- _Assigned task_
Copy nothing but the lines from the one containing "Used 2022 Hyundai Kona SEL image 1" through the last line of the records, repeated exactly and without pictures.

[Exercise data Boundary: Start]

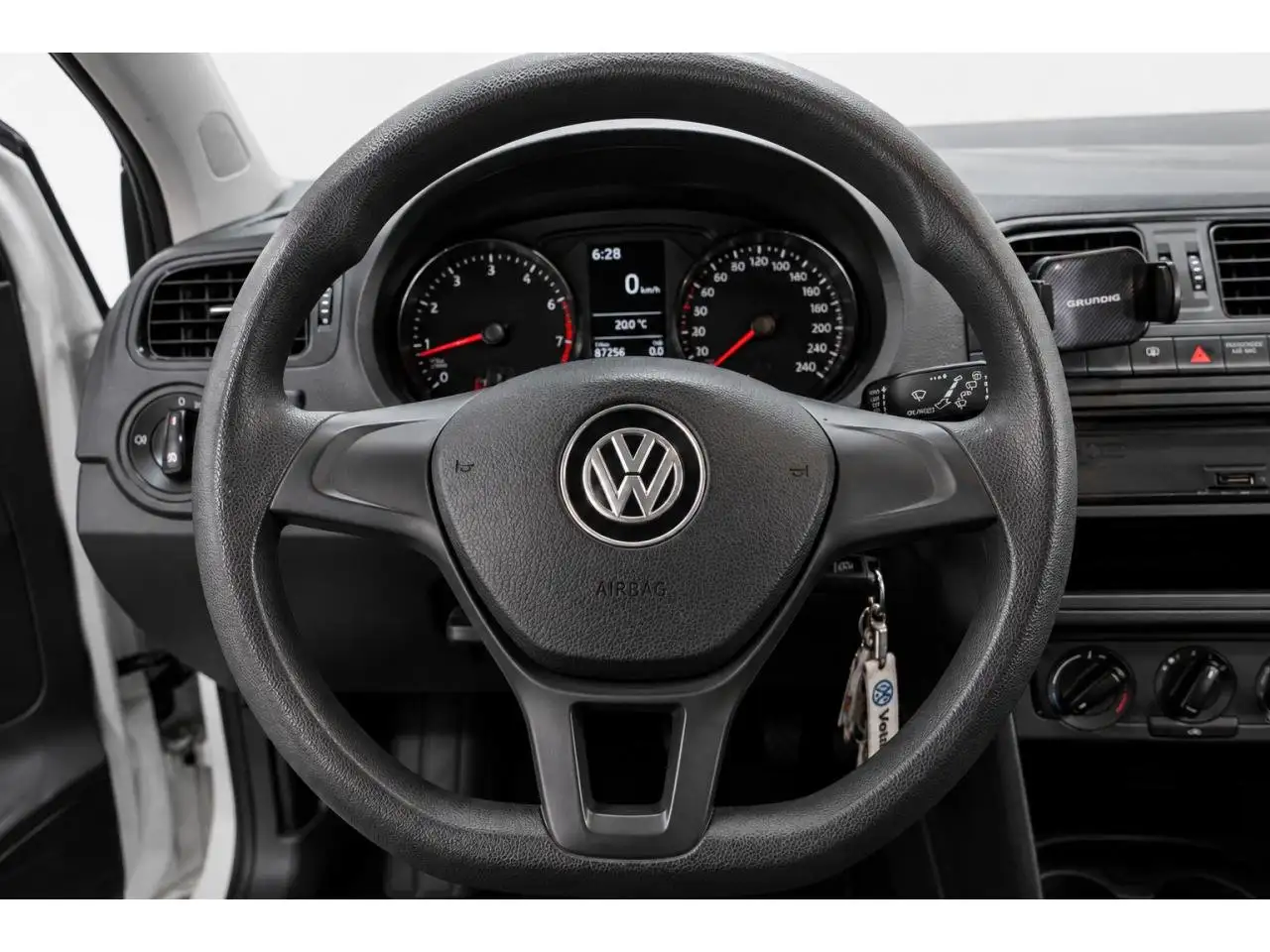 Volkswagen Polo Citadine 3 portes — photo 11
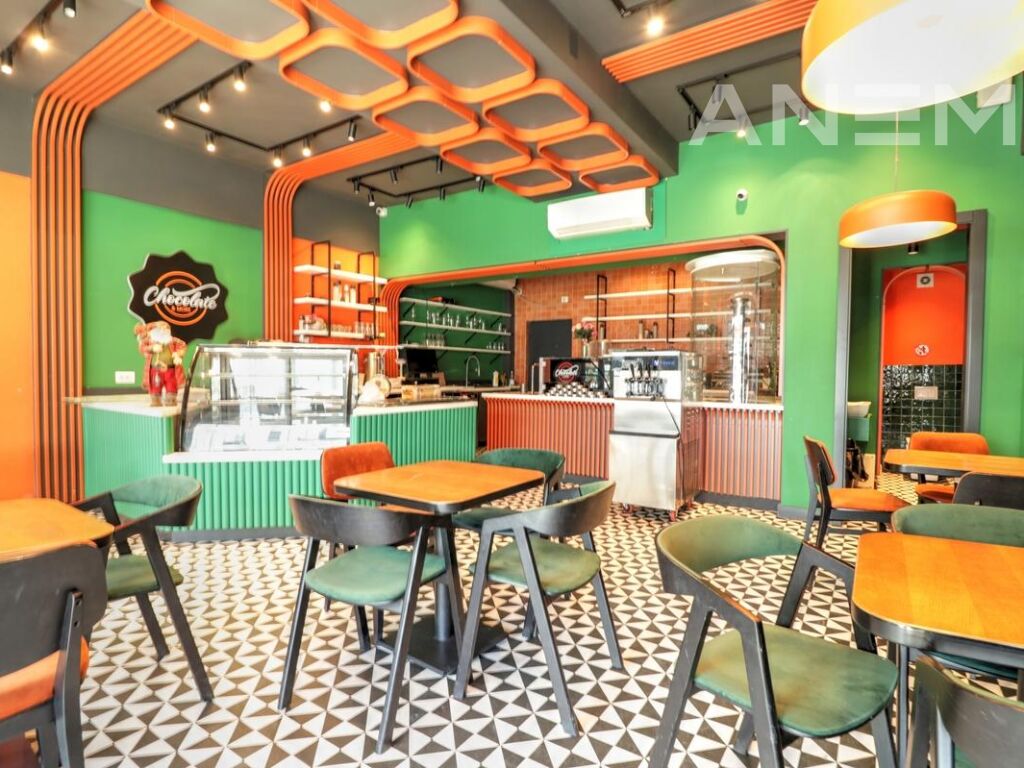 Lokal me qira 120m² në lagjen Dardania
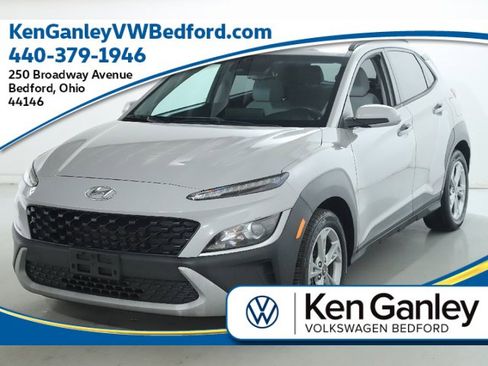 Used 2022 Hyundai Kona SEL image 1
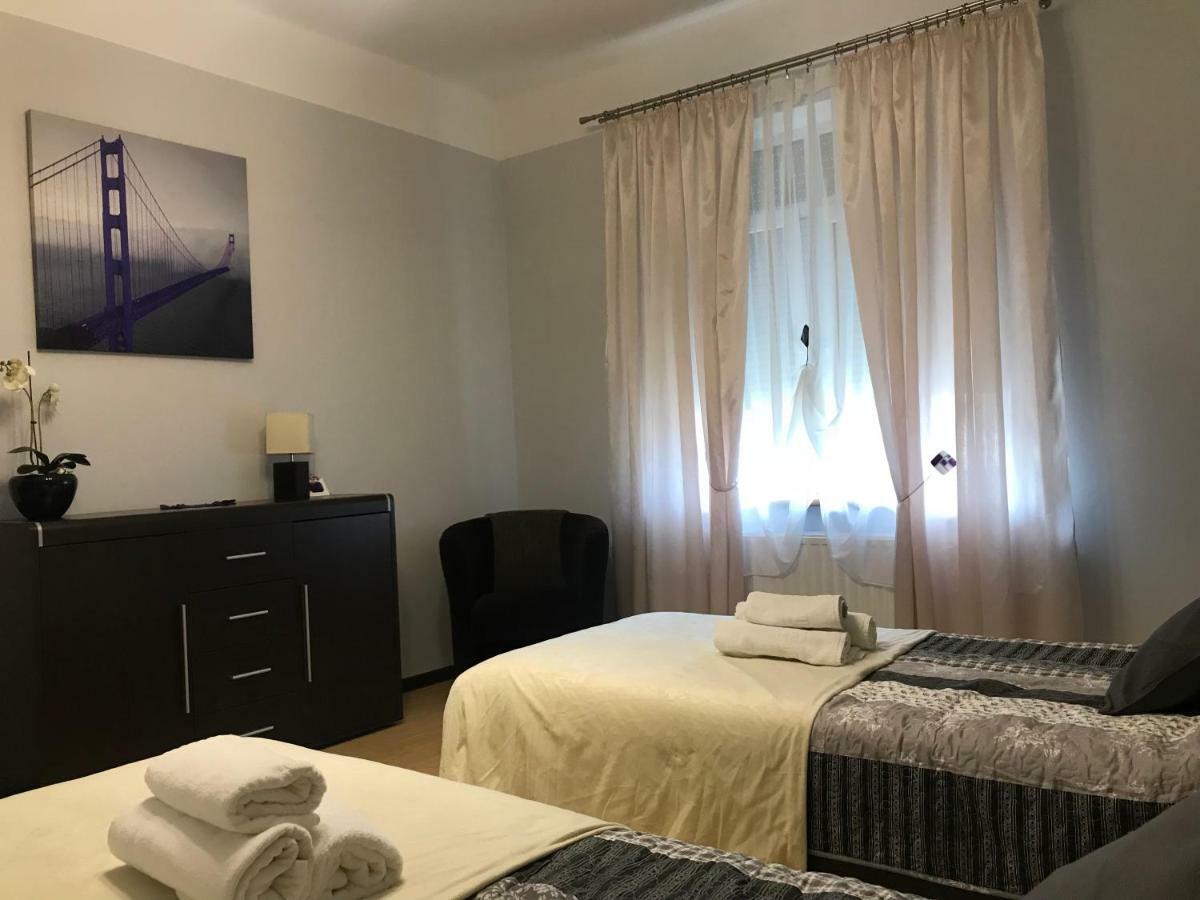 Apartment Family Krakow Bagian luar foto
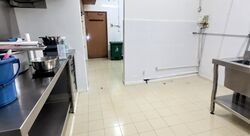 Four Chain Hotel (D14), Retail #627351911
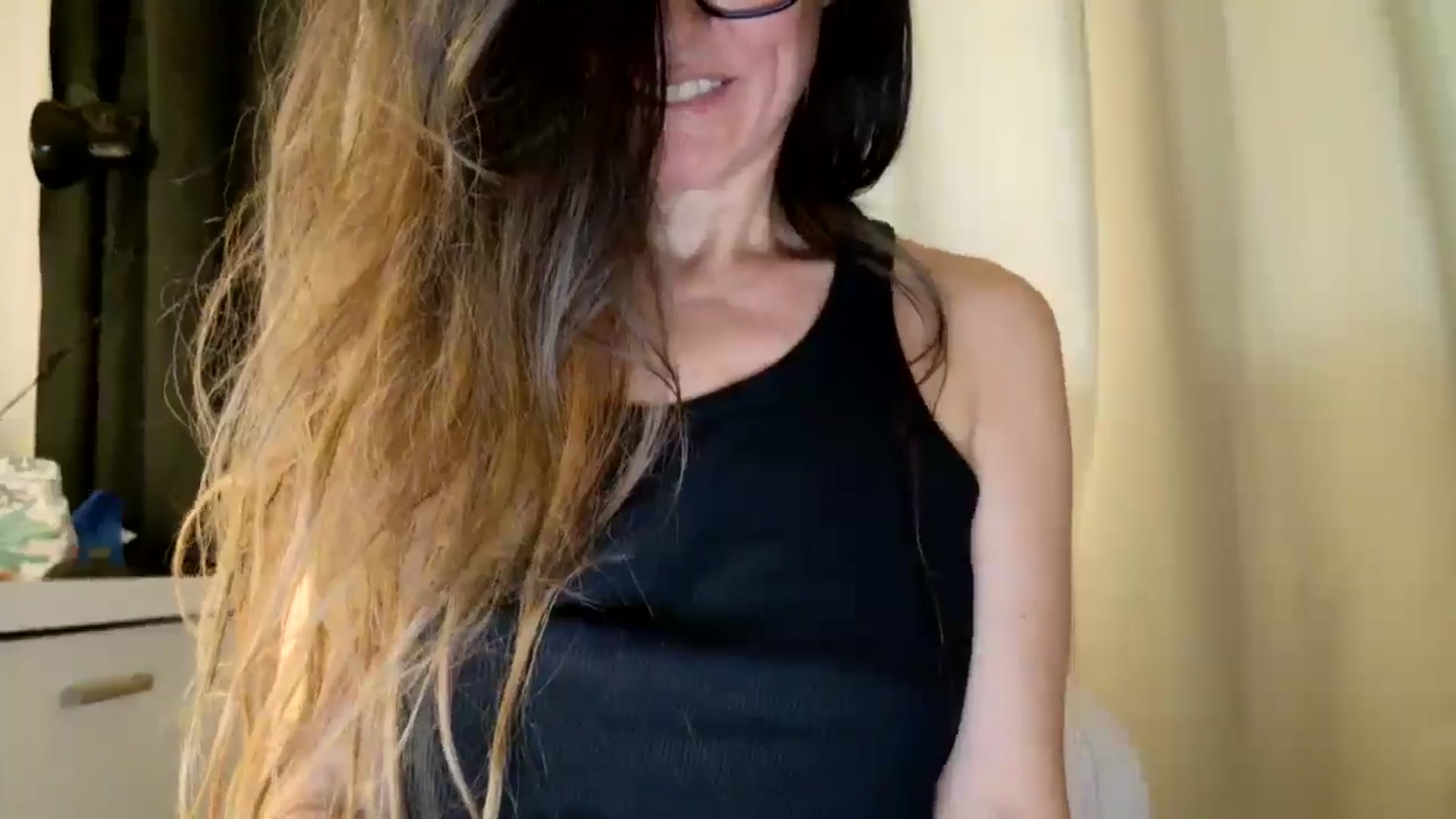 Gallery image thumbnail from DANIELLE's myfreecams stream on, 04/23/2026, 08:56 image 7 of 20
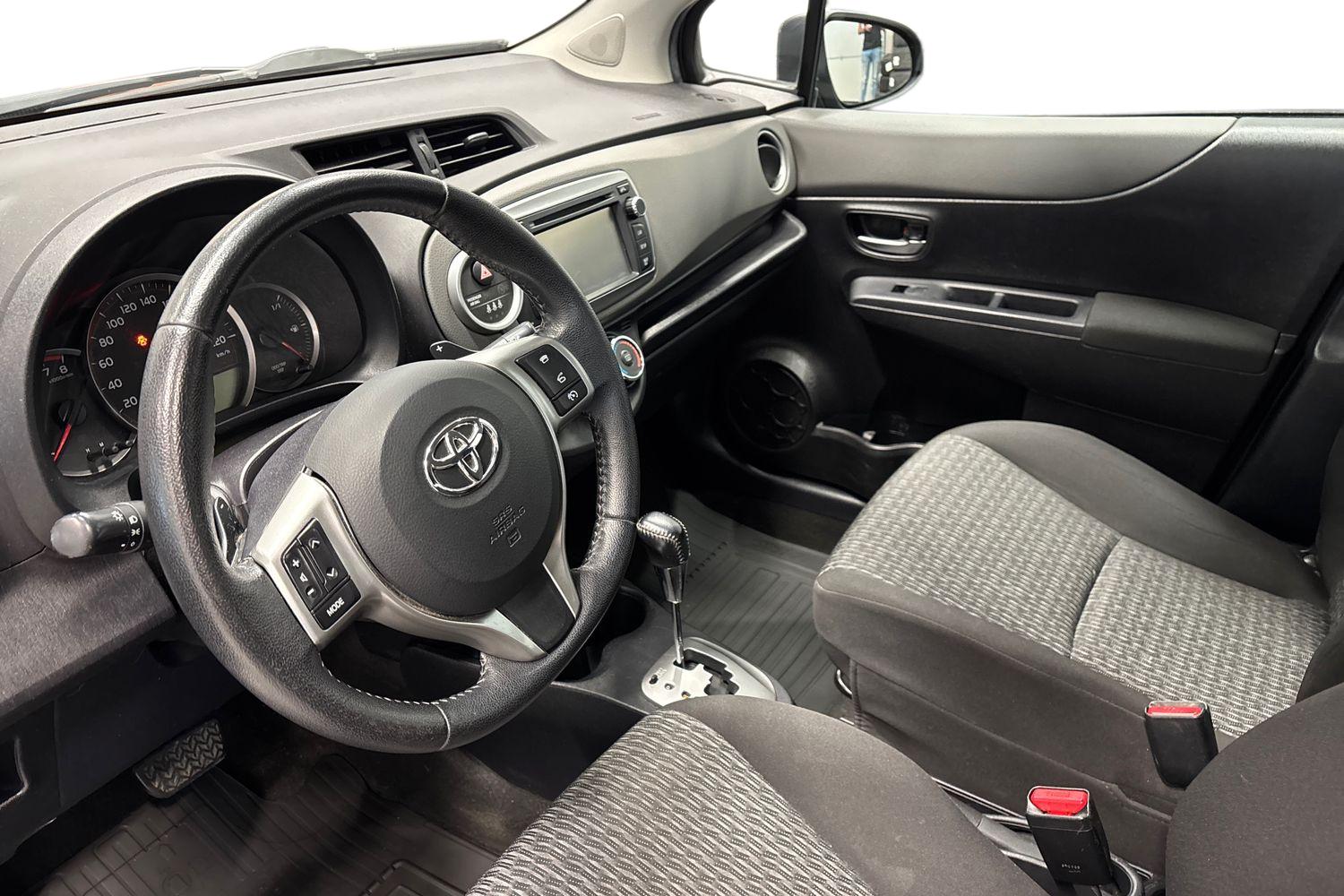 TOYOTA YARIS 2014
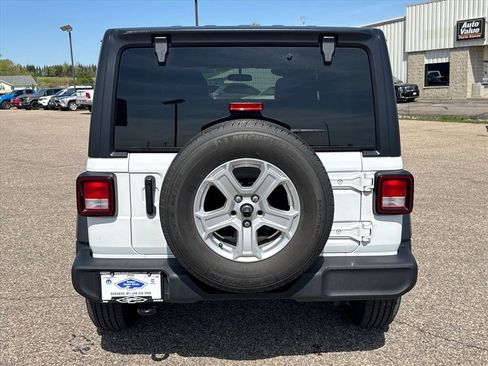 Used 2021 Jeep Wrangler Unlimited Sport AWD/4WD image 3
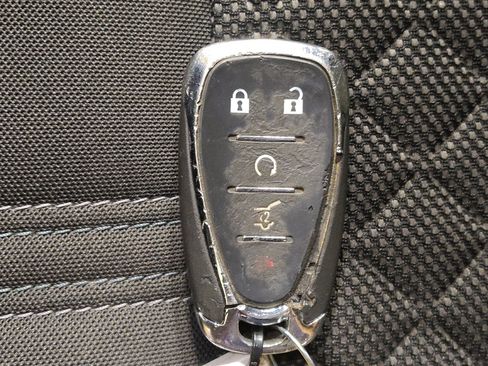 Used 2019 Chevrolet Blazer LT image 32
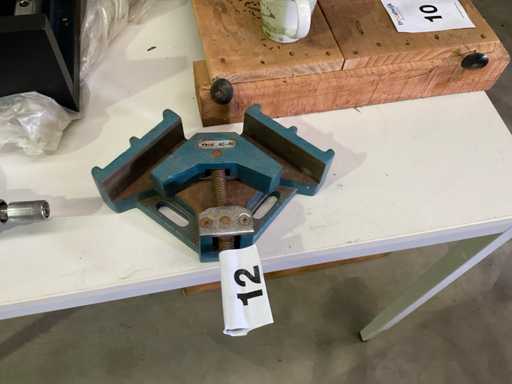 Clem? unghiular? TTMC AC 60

[Exercise data Boundary: End]

- _Result_
 Used 2022 Hyundai Kona SEL image 1
 Apartment Family Krakow Bagian luar foto
 Four Chain Hotel (D14), Retail #627351911
 Gallery image thumbnail from DANIELLE's myfreecams stream on, 04/23/2026, 08:56 image 7 of 20
 TOYOTA YARIS 2014
 Used 2021 Jeep Wrangler Unlimited Sport AWD/4WD image 3
 Used 2019 Chevrolet Blazer LT image 32
 Clem? unghiular? TTMC AC 60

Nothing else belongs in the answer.